3.1 Lifting the Tabular Data
Integrating and analysing large amounts of data plays an increasingly important role in today’s society. Often, however, new discoveries and insights can only be attained by integrating information from dispersed sources, which requires considerable amounts of time and can be error prone if information is stored in heterogeneous representations.
The Semantic Web and Linked Data communities are advocating the use of RDF and Linked Data as a standardized data publication format facilitating data integration and visualization. Despite its unquestionable advantages, only a tiny fraction of open data is currently available as RDF. At the Pan-European data portal PublicData.eu, which aggregates dataset descriptions from numerous other European data portals, only 1,790 out of more than 49,000 datasets (i.e. just 4 %) were available as RDF. This can be mostly attributed to the fact, that publishing data as RDF requires additional effort in particular with regard to identifier creation, vocabulary design, reuse and mapping.
Various tools and projects (e.g. Any23, Triplify, Tabels, Open Refine) have been launched aiming at facilitating the lifting of tabular data to reach semantically structured and interlinked data.

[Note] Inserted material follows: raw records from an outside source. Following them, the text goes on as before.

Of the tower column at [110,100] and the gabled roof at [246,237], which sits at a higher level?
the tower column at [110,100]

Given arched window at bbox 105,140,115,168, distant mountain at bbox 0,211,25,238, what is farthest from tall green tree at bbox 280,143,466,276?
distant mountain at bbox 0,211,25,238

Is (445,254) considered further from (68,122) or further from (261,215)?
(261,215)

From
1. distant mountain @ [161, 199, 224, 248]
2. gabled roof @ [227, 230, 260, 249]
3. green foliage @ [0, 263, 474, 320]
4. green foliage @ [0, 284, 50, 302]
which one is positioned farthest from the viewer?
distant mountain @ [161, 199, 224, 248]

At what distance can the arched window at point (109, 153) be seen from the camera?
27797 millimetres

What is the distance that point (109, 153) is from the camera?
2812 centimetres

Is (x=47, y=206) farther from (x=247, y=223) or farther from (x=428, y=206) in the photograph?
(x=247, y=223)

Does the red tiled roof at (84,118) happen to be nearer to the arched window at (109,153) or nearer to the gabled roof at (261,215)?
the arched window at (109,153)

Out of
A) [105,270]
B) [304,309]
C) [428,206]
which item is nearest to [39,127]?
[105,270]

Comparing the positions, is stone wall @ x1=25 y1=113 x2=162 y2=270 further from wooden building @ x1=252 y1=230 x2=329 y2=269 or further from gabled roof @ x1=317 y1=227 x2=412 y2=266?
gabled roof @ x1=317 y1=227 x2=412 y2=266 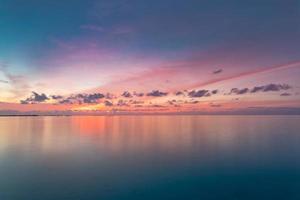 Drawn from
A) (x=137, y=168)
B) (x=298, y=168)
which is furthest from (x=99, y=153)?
(x=298, y=168)

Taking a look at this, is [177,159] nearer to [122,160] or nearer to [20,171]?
[122,160]

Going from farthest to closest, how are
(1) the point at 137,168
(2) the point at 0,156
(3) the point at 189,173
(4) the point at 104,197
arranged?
(2) the point at 0,156, (1) the point at 137,168, (3) the point at 189,173, (4) the point at 104,197

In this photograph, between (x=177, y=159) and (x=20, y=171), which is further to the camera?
(x=177, y=159)

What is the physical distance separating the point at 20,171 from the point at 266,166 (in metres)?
33.1

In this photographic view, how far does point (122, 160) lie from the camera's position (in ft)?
130

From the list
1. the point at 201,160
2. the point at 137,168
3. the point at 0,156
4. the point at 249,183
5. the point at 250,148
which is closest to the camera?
the point at 249,183

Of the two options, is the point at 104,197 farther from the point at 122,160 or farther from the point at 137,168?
the point at 122,160

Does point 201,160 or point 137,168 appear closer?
point 137,168

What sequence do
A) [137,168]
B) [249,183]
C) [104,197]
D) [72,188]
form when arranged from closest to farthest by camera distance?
[104,197] < [72,188] < [249,183] < [137,168]

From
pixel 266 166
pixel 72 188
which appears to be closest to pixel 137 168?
pixel 72 188

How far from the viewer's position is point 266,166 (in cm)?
3625

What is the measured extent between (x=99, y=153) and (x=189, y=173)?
1947 centimetres

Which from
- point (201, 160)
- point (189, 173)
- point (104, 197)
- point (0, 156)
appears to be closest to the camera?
point (104, 197)

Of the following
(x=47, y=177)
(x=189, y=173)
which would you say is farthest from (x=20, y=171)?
(x=189, y=173) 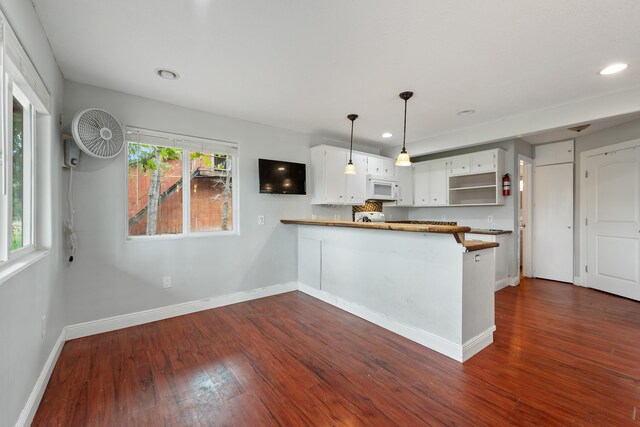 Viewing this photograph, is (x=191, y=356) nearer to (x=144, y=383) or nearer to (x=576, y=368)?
(x=144, y=383)

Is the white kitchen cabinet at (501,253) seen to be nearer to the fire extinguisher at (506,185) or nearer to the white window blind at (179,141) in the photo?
the fire extinguisher at (506,185)

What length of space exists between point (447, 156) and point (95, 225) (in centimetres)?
527

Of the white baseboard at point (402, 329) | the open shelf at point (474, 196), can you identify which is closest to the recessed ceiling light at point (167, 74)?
the white baseboard at point (402, 329)

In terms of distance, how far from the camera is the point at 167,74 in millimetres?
2535

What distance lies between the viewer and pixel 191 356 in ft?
7.80

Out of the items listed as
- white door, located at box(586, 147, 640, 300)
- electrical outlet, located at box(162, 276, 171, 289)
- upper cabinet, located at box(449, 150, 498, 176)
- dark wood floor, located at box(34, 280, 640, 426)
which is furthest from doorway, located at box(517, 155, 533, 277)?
electrical outlet, located at box(162, 276, 171, 289)

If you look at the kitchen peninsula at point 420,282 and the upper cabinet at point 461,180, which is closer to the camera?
the kitchen peninsula at point 420,282

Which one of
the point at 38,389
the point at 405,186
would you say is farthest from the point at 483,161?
the point at 38,389

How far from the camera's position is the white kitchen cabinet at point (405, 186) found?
17.5 ft

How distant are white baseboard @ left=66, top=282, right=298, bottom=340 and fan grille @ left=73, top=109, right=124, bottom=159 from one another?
1642 mm

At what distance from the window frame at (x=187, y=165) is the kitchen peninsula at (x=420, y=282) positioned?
3.75 feet

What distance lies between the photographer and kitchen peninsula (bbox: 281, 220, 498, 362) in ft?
7.63

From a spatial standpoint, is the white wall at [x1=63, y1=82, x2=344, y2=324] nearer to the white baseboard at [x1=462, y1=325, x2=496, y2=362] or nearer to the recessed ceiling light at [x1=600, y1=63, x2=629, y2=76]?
the white baseboard at [x1=462, y1=325, x2=496, y2=362]

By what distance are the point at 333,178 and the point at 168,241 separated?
7.79 feet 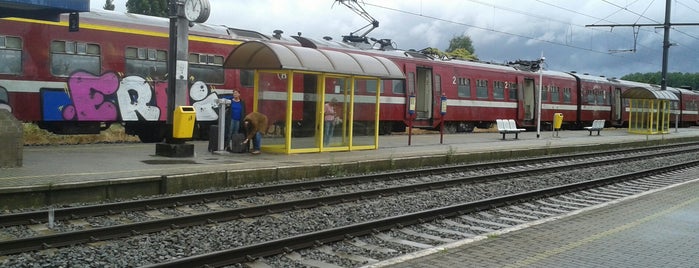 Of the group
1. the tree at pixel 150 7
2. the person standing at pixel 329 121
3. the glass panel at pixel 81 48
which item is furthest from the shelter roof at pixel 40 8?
the tree at pixel 150 7

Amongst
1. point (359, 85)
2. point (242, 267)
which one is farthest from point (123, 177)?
point (359, 85)

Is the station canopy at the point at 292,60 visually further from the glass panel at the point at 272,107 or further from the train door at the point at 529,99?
the train door at the point at 529,99

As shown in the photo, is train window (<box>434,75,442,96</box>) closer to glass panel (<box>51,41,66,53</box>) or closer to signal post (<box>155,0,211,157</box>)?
signal post (<box>155,0,211,157</box>)

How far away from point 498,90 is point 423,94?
18.0 ft

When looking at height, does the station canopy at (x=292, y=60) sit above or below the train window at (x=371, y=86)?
above

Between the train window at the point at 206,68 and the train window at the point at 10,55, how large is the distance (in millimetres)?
4522

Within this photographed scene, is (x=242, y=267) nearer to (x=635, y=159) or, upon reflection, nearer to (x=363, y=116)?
Result: (x=363, y=116)

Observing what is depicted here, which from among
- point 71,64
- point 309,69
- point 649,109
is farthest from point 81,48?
point 649,109

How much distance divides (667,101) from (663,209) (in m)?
27.3

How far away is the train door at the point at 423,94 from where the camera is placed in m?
27.7

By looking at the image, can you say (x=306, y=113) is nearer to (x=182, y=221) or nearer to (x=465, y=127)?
(x=182, y=221)

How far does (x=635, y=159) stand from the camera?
2281 centimetres

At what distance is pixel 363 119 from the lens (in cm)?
1883

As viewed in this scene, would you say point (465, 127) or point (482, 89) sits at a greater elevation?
point (482, 89) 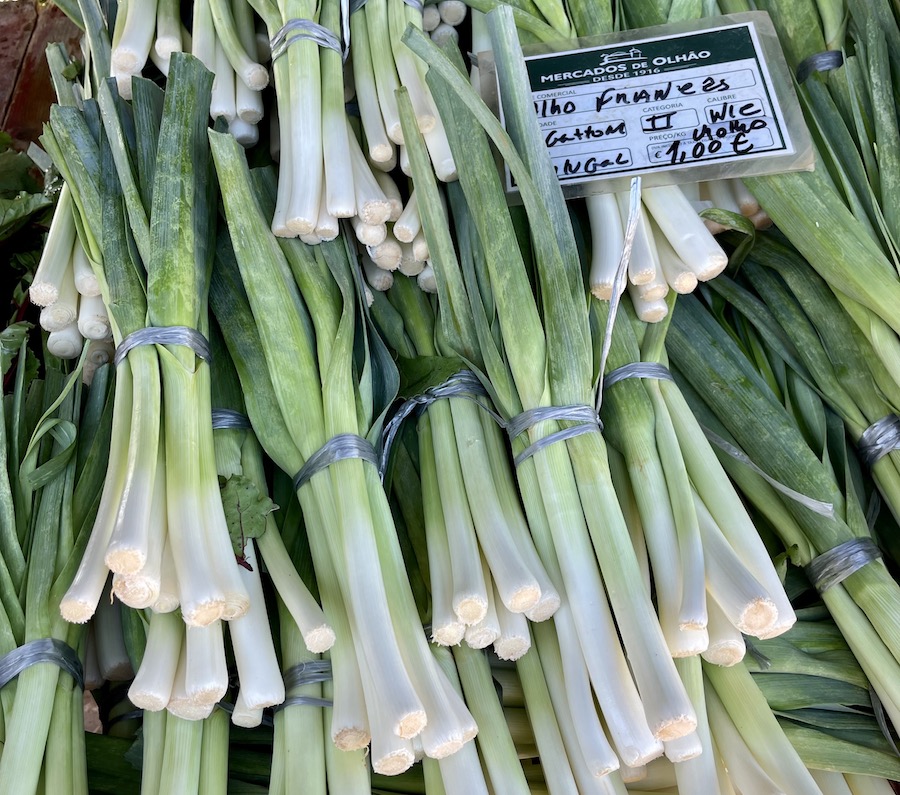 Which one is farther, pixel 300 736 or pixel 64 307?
pixel 64 307

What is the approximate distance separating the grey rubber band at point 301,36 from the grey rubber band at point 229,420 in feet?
1.79

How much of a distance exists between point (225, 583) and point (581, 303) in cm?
52

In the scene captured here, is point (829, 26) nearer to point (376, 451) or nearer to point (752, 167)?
point (752, 167)

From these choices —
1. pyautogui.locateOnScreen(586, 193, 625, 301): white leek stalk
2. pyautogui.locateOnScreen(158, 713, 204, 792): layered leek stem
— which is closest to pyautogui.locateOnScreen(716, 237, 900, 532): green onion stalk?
pyautogui.locateOnScreen(586, 193, 625, 301): white leek stalk

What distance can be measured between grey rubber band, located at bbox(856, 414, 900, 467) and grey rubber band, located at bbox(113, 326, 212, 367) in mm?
900

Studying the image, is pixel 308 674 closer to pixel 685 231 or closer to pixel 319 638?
pixel 319 638

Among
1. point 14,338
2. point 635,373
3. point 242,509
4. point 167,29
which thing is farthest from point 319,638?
point 167,29

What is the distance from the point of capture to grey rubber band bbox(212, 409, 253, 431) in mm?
1004

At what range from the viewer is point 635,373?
0.99 meters

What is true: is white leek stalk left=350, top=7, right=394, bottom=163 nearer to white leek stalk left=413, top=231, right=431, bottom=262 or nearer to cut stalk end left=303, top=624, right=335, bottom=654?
white leek stalk left=413, top=231, right=431, bottom=262

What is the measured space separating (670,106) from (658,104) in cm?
2

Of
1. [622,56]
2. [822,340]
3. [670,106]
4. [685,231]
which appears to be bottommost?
[822,340]

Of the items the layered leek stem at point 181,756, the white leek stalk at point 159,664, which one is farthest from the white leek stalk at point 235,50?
the layered leek stem at point 181,756

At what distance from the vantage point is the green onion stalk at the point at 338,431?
2.49ft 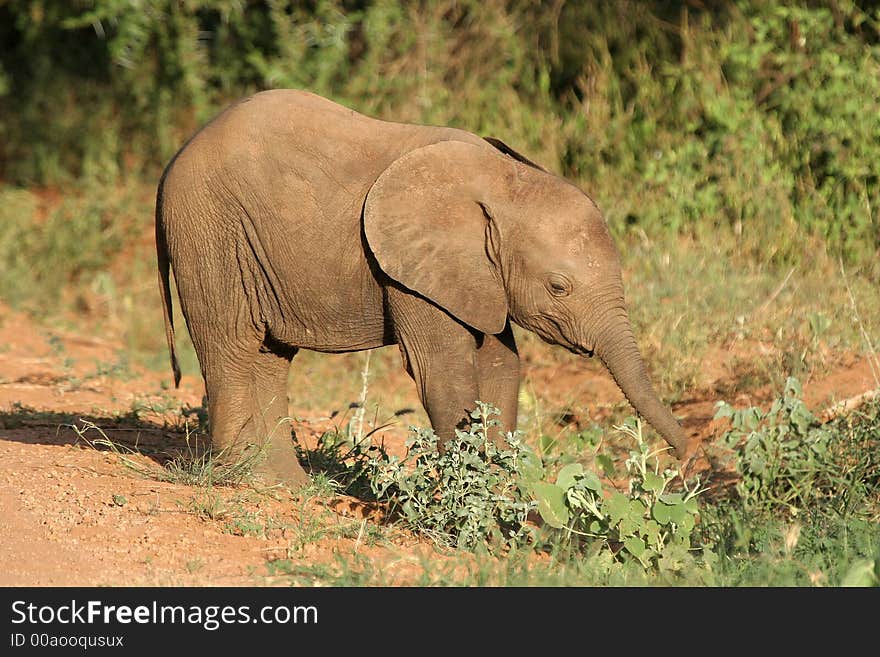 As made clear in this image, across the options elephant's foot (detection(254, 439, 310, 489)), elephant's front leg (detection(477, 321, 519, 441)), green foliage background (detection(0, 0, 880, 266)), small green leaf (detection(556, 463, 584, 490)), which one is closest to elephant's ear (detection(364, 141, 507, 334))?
elephant's front leg (detection(477, 321, 519, 441))

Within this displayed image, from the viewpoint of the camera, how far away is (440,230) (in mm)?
5934

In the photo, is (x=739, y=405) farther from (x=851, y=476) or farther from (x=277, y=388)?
(x=277, y=388)

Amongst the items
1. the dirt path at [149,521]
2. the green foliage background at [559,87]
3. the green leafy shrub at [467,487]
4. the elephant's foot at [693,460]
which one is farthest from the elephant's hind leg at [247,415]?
the green foliage background at [559,87]

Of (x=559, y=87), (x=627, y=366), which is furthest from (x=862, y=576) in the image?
(x=559, y=87)

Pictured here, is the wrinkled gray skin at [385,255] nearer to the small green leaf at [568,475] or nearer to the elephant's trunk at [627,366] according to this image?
the elephant's trunk at [627,366]

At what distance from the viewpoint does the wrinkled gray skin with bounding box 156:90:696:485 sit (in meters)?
5.86

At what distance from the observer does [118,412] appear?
8148 mm

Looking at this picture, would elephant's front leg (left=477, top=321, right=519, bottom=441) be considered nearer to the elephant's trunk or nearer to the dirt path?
the elephant's trunk

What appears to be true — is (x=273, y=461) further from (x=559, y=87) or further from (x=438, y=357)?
(x=559, y=87)

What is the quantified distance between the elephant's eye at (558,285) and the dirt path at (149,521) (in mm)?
1233

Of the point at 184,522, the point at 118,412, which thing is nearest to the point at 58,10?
the point at 118,412

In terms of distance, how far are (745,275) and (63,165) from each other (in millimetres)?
7470

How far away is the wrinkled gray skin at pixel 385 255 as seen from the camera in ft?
19.2

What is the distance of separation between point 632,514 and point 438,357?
43.6 inches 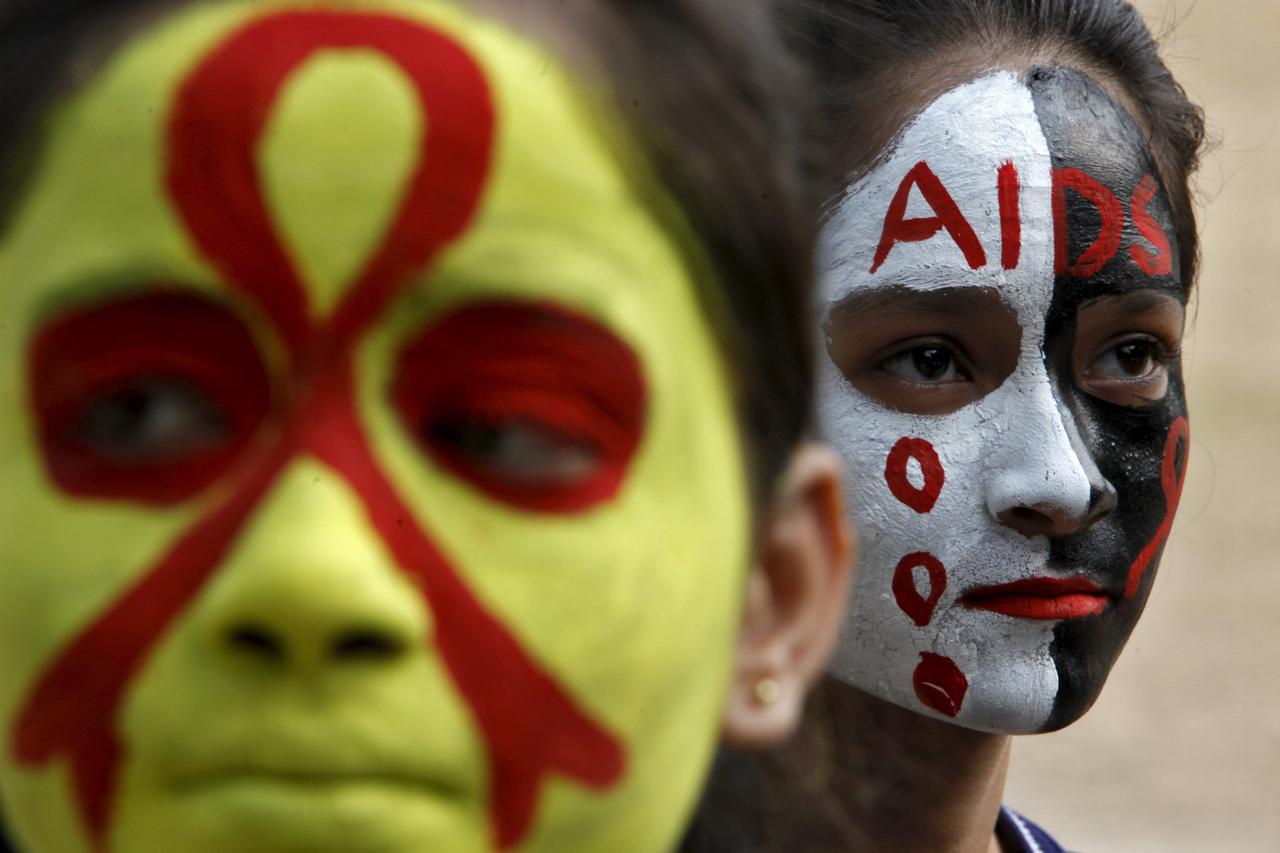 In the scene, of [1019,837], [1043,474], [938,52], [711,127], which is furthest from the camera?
[1019,837]

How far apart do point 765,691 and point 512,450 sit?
0.36 m

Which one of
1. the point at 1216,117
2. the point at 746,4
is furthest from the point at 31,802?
the point at 1216,117

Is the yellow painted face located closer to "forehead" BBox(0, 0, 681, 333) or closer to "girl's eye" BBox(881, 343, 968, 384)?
"forehead" BBox(0, 0, 681, 333)

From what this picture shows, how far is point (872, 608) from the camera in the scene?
236 centimetres

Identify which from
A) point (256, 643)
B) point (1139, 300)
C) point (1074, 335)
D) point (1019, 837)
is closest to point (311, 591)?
point (256, 643)

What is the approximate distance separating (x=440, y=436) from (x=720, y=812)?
0.61m

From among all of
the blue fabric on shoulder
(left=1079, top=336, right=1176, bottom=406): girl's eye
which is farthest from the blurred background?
(left=1079, top=336, right=1176, bottom=406): girl's eye

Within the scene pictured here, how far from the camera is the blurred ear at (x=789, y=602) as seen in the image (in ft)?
5.00

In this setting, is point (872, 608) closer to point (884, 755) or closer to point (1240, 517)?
point (884, 755)

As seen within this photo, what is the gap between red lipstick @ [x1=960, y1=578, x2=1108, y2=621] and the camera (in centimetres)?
229

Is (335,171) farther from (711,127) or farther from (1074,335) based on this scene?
(1074,335)

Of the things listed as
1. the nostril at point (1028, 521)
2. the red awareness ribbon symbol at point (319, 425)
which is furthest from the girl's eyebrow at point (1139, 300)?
the red awareness ribbon symbol at point (319, 425)

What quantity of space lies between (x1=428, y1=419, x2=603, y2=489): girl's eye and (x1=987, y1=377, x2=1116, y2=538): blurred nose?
106cm

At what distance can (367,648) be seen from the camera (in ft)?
4.00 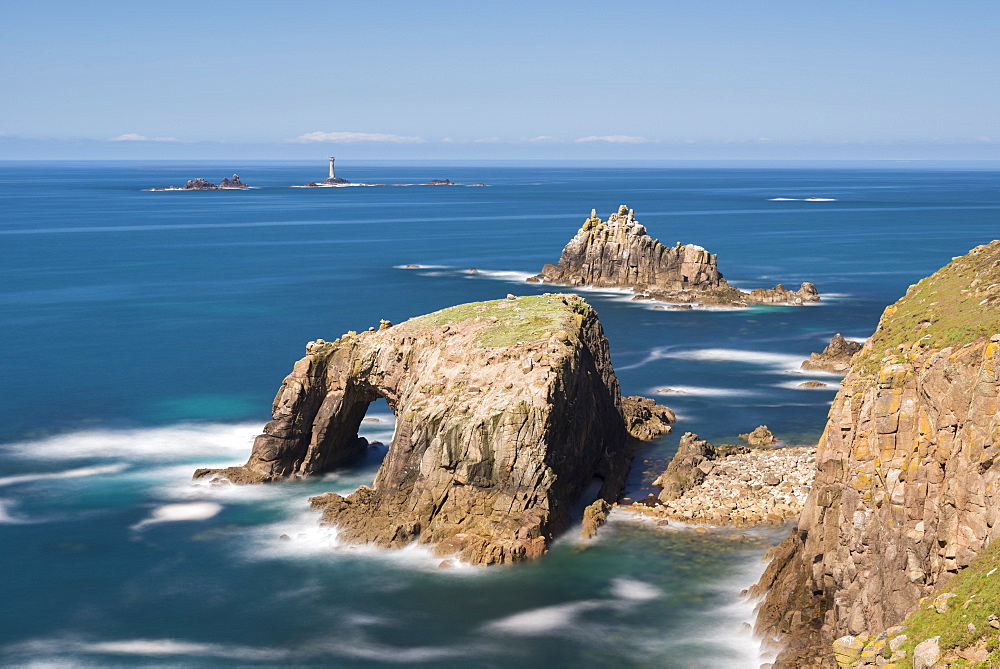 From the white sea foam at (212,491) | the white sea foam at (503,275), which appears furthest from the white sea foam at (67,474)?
the white sea foam at (503,275)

However, none of these tools supported a truly incremental, pay-as-you-go data publication and mapping strategy, which enabled effort sharing between data owners and consumers. The lack of such an architecture of participation with regard to the mapping and transformation of tabular data to semantically richer representations hampers the creation of an ecosystem for open data publishing and reuse. In order to realize such an ecosystem, we have to enable a large number of potential stakeholders to effectively and efficiently collaborate in the data lifting process. Small contributions (such as fine-tuning of a mapping configuration or the mapping of an individual column) should be possible and render an instant benefit for the respective stakeholder. The sum of many such small contributions should result in a comprehensive Open Knowledge space, where datasets are increasingly semantically structured and interlinked.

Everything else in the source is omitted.